• **WHAT TO WORK ON**
Across the entries below, how many lines have the word "Gold" in them? Respond with only the number.

• **DATA SHOWN**
^^^^^^^^^^^^^^^^

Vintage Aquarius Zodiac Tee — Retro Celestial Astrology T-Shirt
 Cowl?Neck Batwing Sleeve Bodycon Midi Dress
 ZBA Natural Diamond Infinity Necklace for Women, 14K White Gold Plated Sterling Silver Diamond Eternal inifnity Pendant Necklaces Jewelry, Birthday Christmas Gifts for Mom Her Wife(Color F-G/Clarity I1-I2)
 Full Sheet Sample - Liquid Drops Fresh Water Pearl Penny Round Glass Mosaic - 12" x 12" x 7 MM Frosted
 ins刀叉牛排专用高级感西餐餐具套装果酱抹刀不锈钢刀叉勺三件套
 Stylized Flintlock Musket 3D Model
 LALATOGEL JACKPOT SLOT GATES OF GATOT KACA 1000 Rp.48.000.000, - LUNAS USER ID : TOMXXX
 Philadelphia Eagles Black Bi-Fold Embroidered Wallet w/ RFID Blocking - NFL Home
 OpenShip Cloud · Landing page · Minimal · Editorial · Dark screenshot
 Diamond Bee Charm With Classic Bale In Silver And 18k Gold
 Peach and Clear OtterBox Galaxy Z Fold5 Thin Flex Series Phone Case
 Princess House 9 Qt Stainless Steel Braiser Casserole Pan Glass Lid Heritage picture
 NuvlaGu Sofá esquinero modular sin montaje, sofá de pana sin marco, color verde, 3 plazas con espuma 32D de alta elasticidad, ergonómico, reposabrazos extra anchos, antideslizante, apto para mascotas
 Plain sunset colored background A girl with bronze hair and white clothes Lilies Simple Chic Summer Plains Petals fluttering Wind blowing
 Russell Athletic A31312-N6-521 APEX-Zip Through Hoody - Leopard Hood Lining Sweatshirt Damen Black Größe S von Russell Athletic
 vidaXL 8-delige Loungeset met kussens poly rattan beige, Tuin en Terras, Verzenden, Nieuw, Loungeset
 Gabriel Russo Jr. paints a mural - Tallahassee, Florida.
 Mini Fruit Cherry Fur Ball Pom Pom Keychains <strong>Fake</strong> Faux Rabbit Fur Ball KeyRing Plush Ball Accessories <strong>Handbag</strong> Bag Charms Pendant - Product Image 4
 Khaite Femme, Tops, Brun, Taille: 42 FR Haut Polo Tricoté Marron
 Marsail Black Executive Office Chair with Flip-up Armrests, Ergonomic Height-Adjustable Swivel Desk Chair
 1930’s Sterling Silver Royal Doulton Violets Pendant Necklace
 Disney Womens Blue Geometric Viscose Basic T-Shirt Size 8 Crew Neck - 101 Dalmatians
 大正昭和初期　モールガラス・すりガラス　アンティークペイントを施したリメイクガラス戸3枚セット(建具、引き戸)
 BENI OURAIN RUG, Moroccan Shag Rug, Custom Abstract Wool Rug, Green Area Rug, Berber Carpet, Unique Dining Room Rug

^^^^^^^^^^^^^^^^

• **ANSWER TO THE PROBLEM**
2